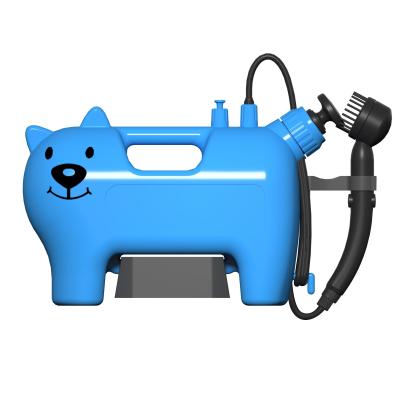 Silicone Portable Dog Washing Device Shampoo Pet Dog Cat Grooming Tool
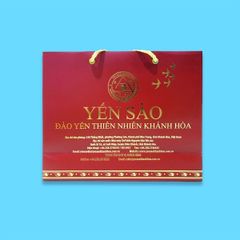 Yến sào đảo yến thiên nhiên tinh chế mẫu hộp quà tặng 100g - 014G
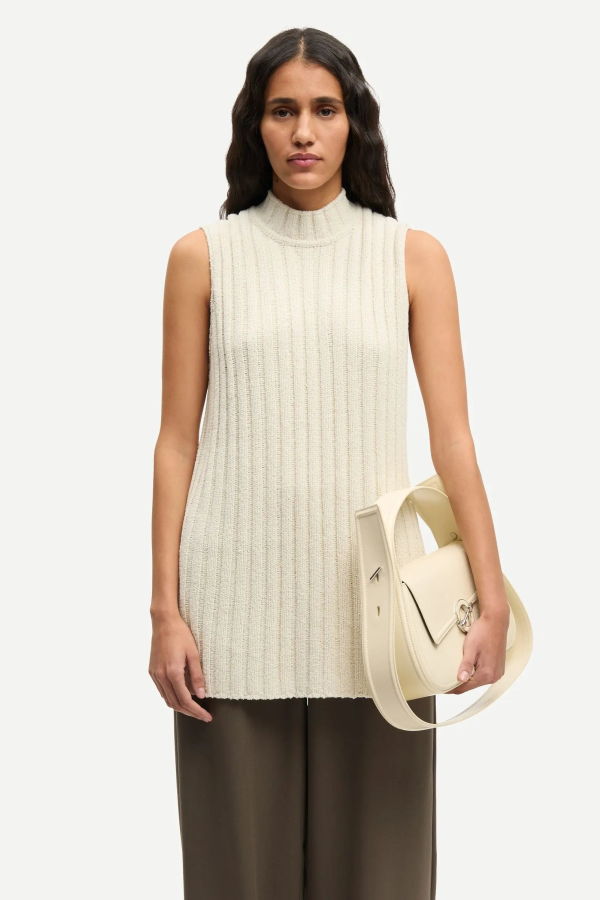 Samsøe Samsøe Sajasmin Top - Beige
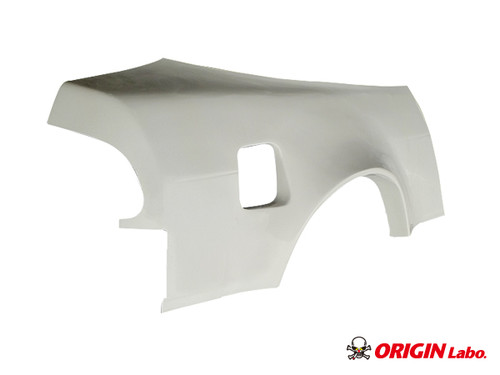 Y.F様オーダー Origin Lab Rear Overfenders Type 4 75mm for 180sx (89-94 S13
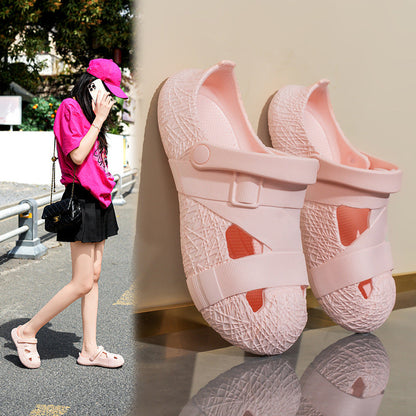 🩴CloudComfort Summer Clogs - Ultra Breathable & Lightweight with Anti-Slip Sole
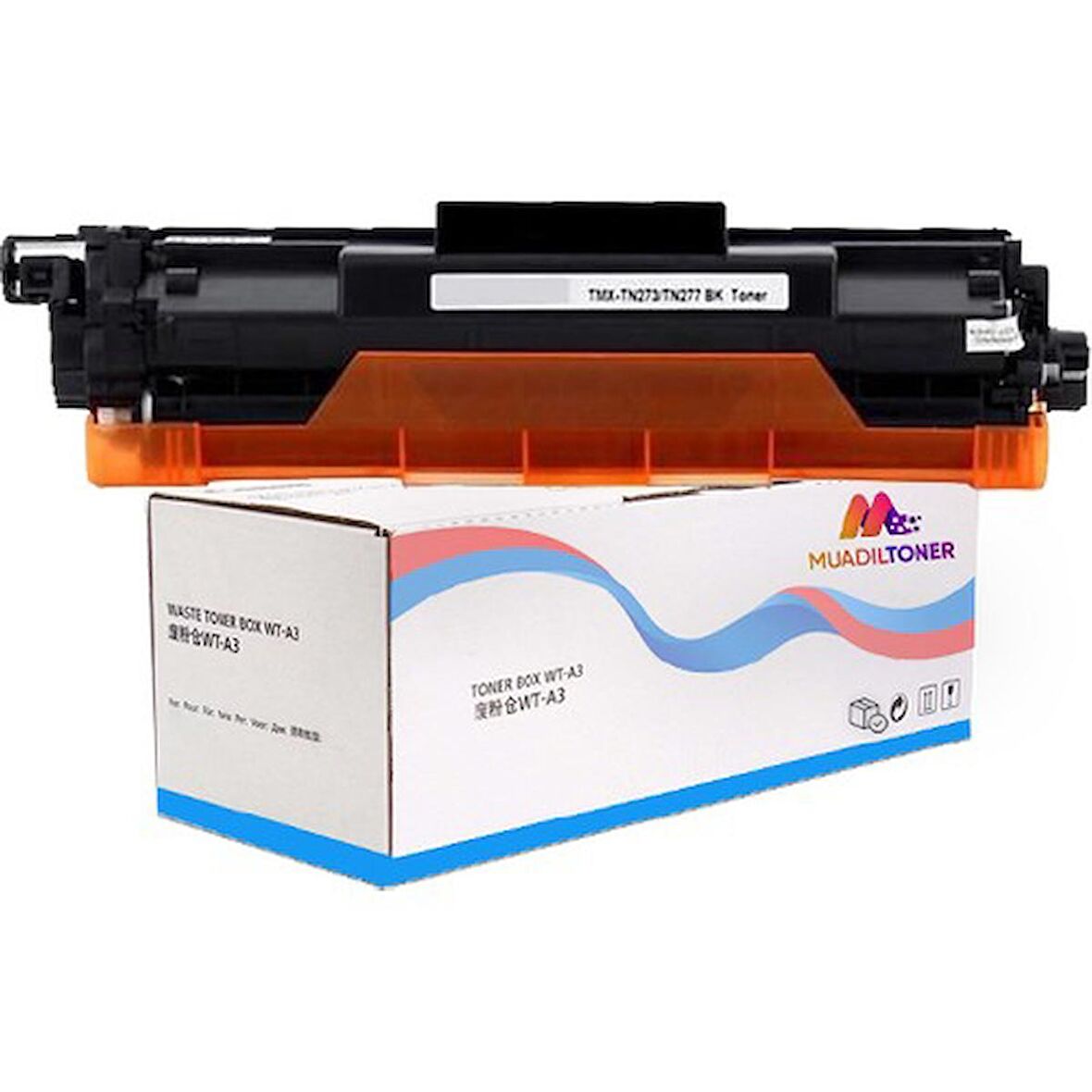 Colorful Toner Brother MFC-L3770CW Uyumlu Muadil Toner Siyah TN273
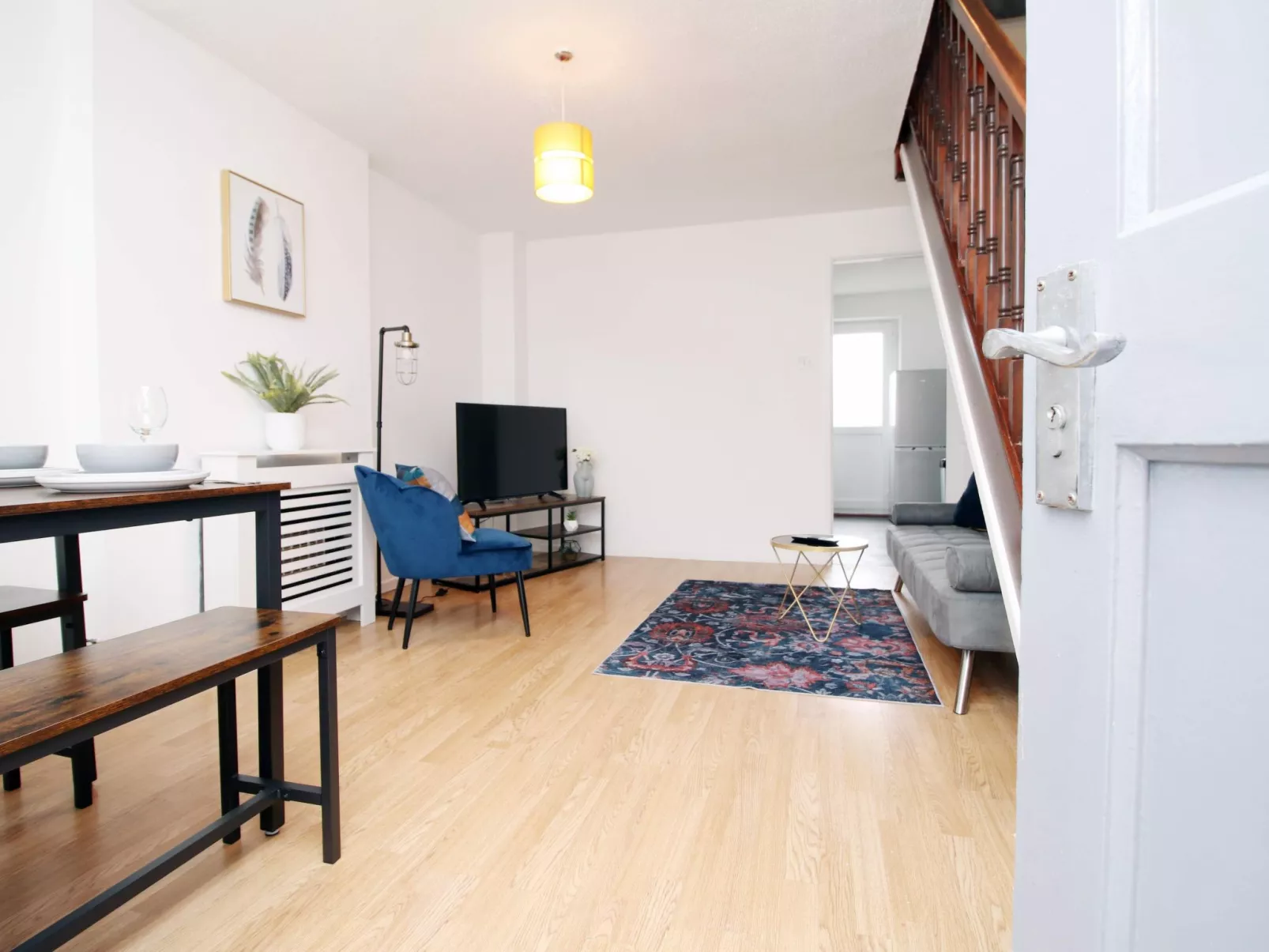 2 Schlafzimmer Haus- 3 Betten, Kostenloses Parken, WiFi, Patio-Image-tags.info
■ ■ ■ ■
With the pictures set aside, please write out all of the records above exactly.

 Silicone Portable Dog Washing Device Shampoo Pet Dog Cat Grooming Tool
 Yến sào đảo yến thiên nhiên tinh chế mẫu hộp quà tặng 100g - 014G
 Samsøe Samsøe Sajasmin Top - Beige
 Y.F様オーダー Origin Lab Rear Overfenders Type 4 75mm for 180sx (89-94 S13
 🩴CloudComfort Summer Clogs - Ultra Breathable & Lightweight with Anti-Slip Sole
 Colorful Toner Brother MFC-L3770CW Uyumlu Muadil Toner Siyah TN273
 2 Schlafzimmer Haus- 3 Betten, Kostenloses Parken, WiFi, Patio-Image-tags.info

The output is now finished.